Records for this task –
- - -

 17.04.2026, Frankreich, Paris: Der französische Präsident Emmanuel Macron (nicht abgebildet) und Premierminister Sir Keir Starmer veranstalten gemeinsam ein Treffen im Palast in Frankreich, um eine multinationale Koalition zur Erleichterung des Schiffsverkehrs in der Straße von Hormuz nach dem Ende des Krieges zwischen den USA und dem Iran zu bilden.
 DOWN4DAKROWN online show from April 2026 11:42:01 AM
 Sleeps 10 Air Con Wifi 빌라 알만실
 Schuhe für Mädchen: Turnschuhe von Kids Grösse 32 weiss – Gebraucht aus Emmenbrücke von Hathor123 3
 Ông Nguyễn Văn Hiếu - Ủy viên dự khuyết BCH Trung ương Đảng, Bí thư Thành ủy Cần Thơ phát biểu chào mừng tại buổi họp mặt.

- - -

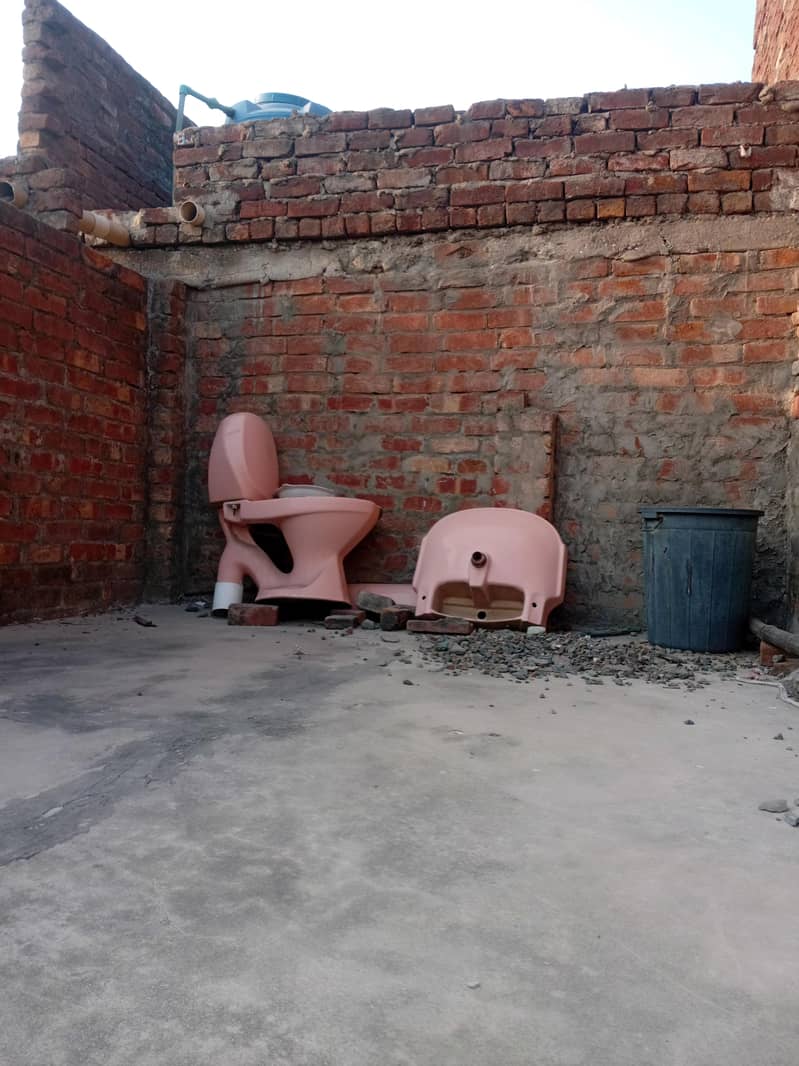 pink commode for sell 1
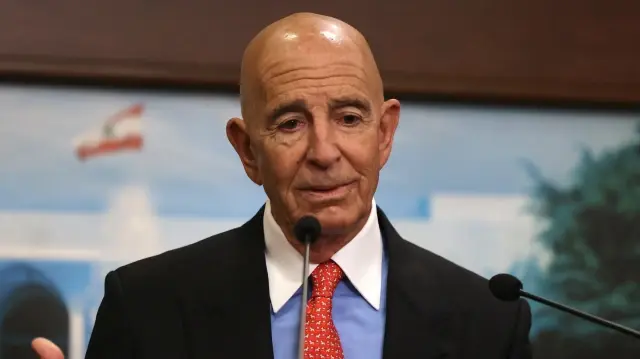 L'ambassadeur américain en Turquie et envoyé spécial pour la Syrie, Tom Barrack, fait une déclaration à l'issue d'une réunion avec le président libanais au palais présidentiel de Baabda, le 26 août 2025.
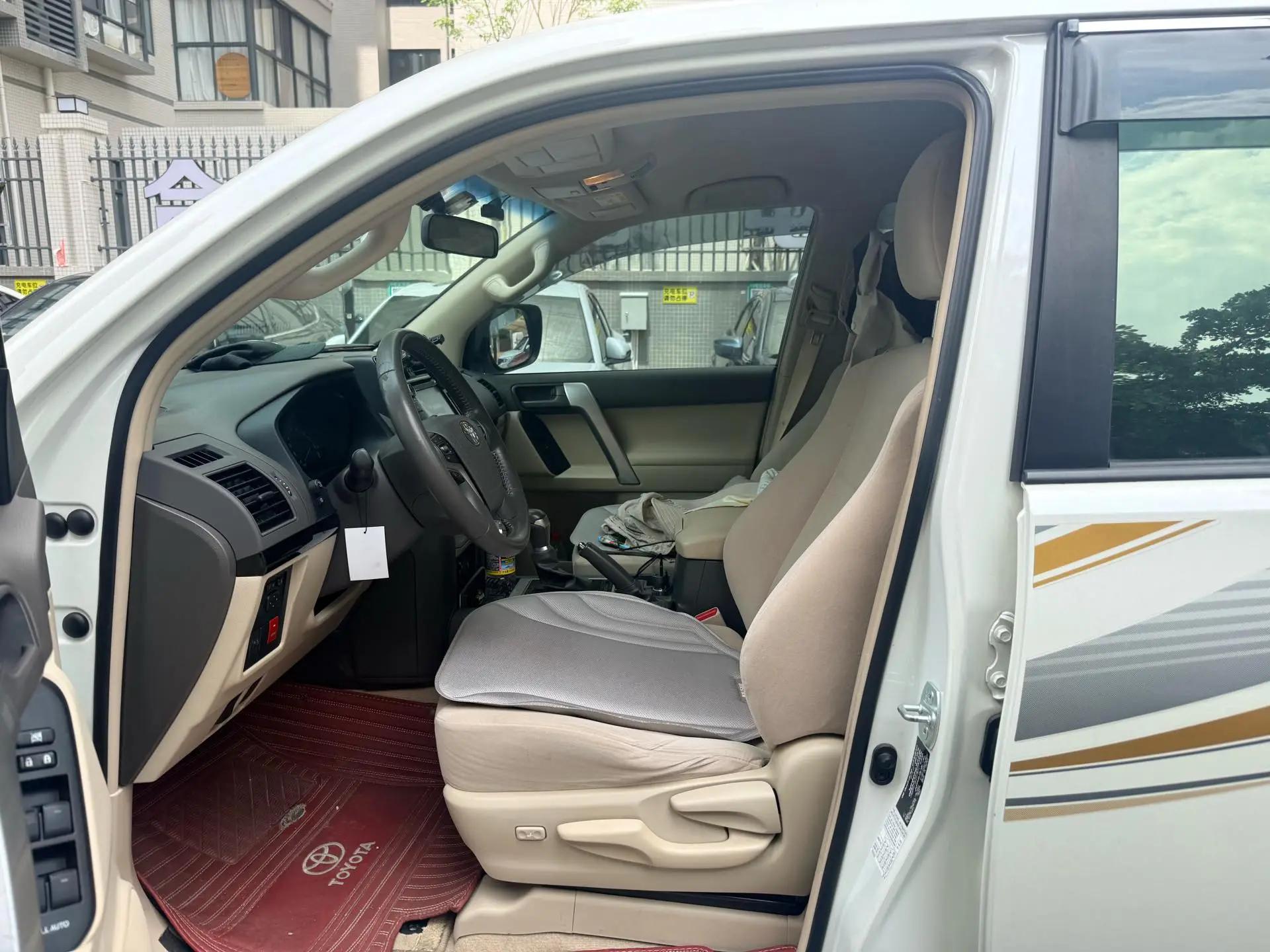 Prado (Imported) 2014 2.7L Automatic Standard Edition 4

- - -

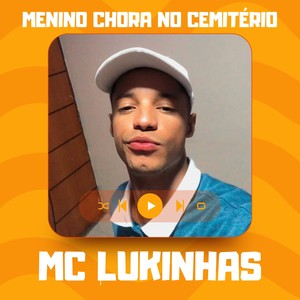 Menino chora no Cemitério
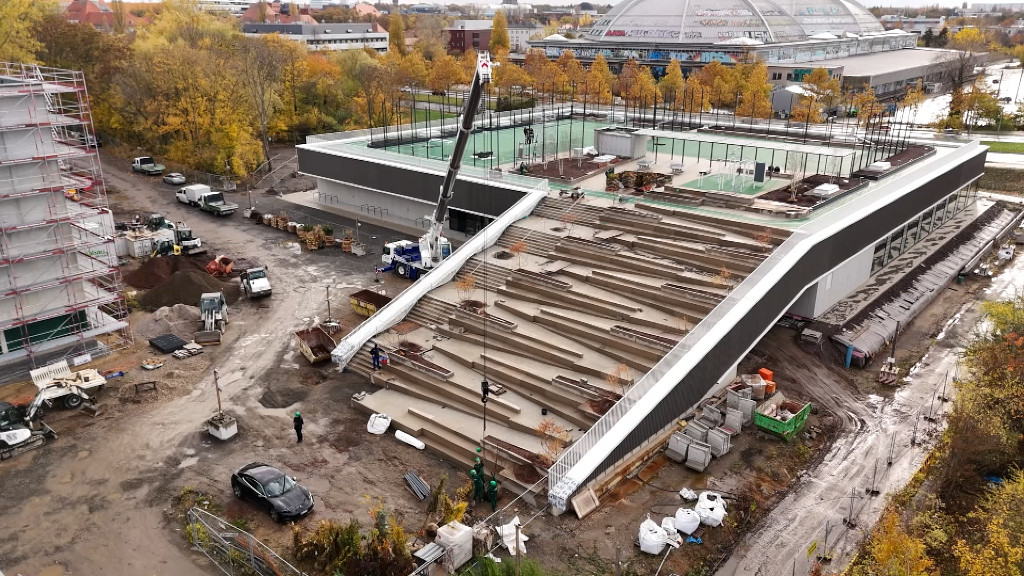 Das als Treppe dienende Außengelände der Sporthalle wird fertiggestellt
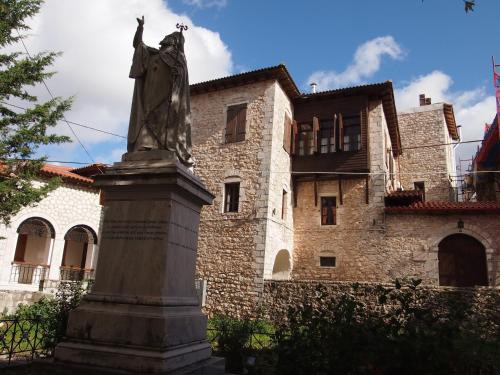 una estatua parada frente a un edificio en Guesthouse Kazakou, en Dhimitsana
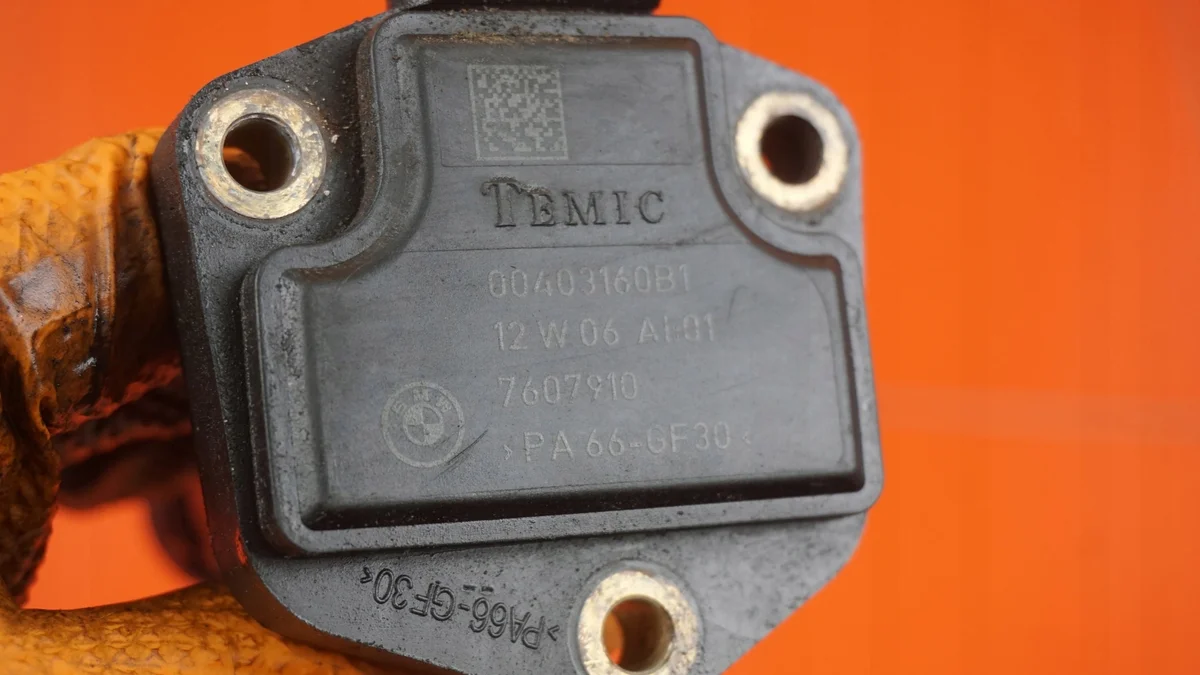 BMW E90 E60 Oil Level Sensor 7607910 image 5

- - -

What needs to be done – In the listing above, find the line with "L'ambassadeur américain en" and output every line through the one with "Prado (Imported) 2014", exactly, without the pictures.

Expected answer –
 L'ambassadeur américain en Turquie et envoyé spécial pour la Syrie, Tom Barrack, fait une déclaration à l'issue d'une réunion avec le président libanais au palais présidentiel de Baabda, le 26 août 2025.
 Prado (Imported) 2014 2.7L Automatic Standard Edition 4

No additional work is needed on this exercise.